# [Exercise data]
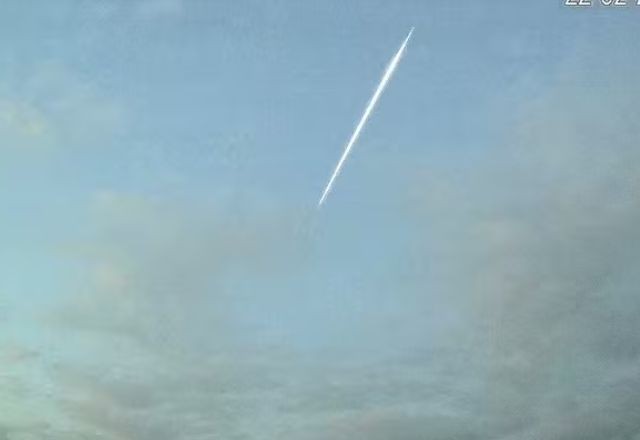 Imagem da noticia Meteoro é avistado durante o dia em cidade do RS; veja vídeo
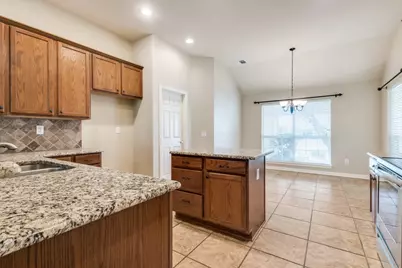 9056 Crestview Drive, Denton, TX 76207 - Photo 4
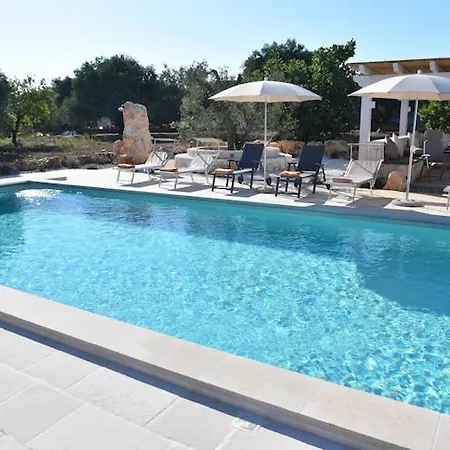 Дом отдыха Trulli In With Heated Pool Остуни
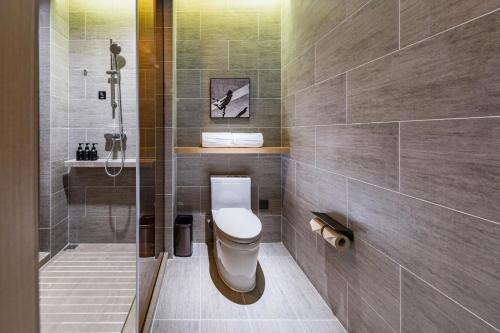 uma casa de banho com um WC e um chuveiro em Atour Hotel Shanghai Wujiaochang Daxue Road em Xangai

# [Task item]
Exact repetition of the material above is required, with the images removed.

# [Result of the task]
 Imagem da noticia Meteoro é avistado durante o dia em cidade do RS; veja vídeo
 9056 Crestview Drive, Denton, TX 76207 - Photo 4
 Дом отдыха Trulli In With Heated Pool Остуни
 uma casa de banho com um WC e um chuveiro em Atour Hotel Shanghai Wujiaochang Daxue Road em Xangai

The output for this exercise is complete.